A21 「最善の利益」にかなった進路の自己決定ができるよう支援している。 a
【コメント】
・将来のことは、小学生のうちから「自分で作る自立支援計画」で毎年積み重ねをしている。
・中高生はより具体的に希望を聞いて、親、子ども家庭センター、本人の考えを尊重しながら、一緒に検討し、そのうえで自己決定に至るように様々な資料や情報が渡されている。

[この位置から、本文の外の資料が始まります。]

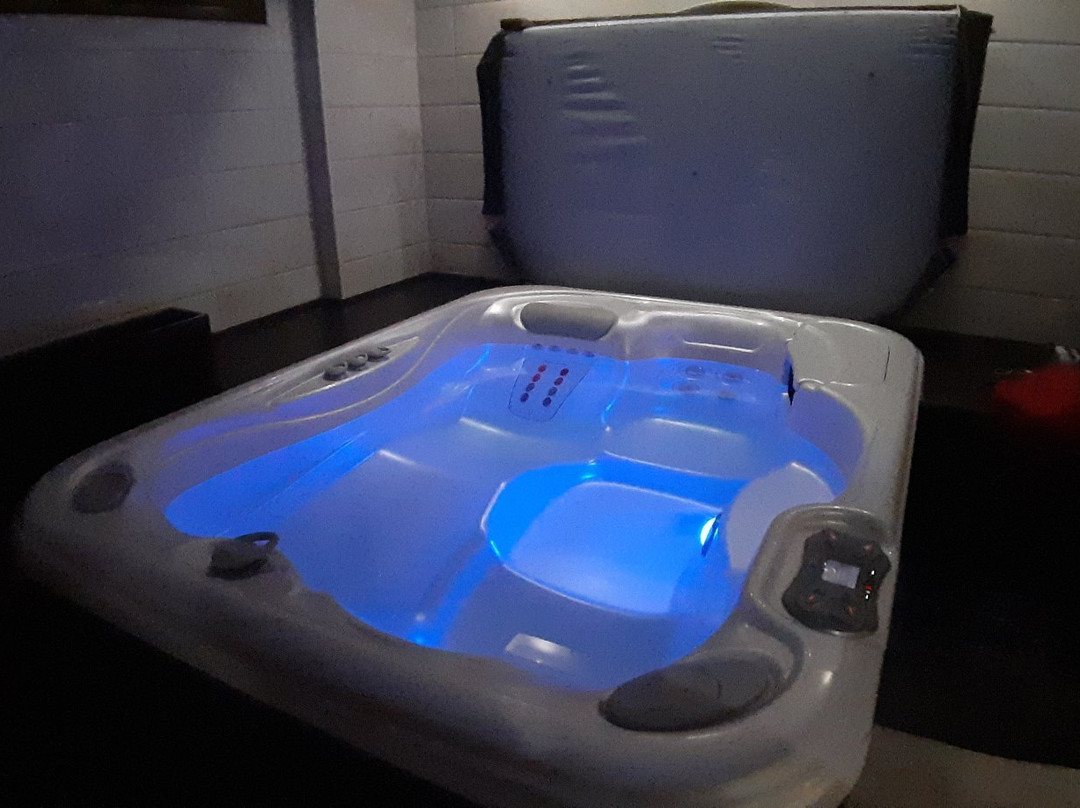 Iakovaki Suites & Spa主图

・今年大学に受かった子どもは、進路については塾や学校の担任と、そのための奨学金などの環境は施設の職員と話し合って決めたという。施設での自主性を重んじた養育支援が生かされている。結果措置延長を行って支援を継続することとなった。
・就労しながら施設入所を継続したり、中学校卒業後支援学校に通う子ども達の将来も支援しているる
A22 職場実習や職場体験、アルバイト等の機会を通して、社会経験の拡大に取り組んでいる。 a
【コメント】
・アルバイトをすることは、社会の仕組みやルールを知る機会として捉え、近くの大規模商業施設や、老人ホームの調理、一般企業の障害者枠を利用した働き先を推奨している。
・退所後の生活準備や携帯電話代の支払いの資金作りのために、アルバイトを応援し(アルバイト入金用通帳を開設)、知り合いの事業主が新しくマスク作成の仕事を始めた時には、希望する子どもが働きにいった例もあった。
・18歳になり、実際の就労に活かすためと、社会に出た時の身分証明としての役割でもある事を説明し自動車免許を取得した子どももいる。
(10) 施設と家族との信頼関係づくり
A23 施設は家族との信頼関係づくりに取り組み、家族からの相談に応じる体制を確立している。 b
【コメント】
・子ども家庭センターと連携して、定期的に保護者と話し合いの機会を持つように努めている。家庭訪問にも同行し子どもの様子を伝え信頼関係構築をはかっている。
・子ども家庭センターと連携して、面会、外出、一時帰宅を実施し、そのあとの子どもの変化などには、担当職員を中心に施設全体で適切なフォローを心がけている。
・現在3名の家庭支援専門相談員がおり、子どもの担当職員などとともに積極的な活動を行っているが、相談員の役割を明確にしたものはない。
(11) 親子関係の再構築支援
A24 親子関係の再構築等のために家族への支援に積極的に取り組んでいる。 b
【コメント】
・今年度開設された小規模施設には、親子交流のための和室を設け、面会時に活用している。
・家庭支援専門相談員は設置されているが、専任ではないということもあり、子ども家庭センターと主任が中心となって家族の再構築に向けて面会や一時帰宅を通し、家族との関係修復に向けている。
・現在は家庭支援専門相談員は専任ではないので、その役割の明確化については曖昧である。業務を見直し、専門職としての位置づけを確立させることを望む。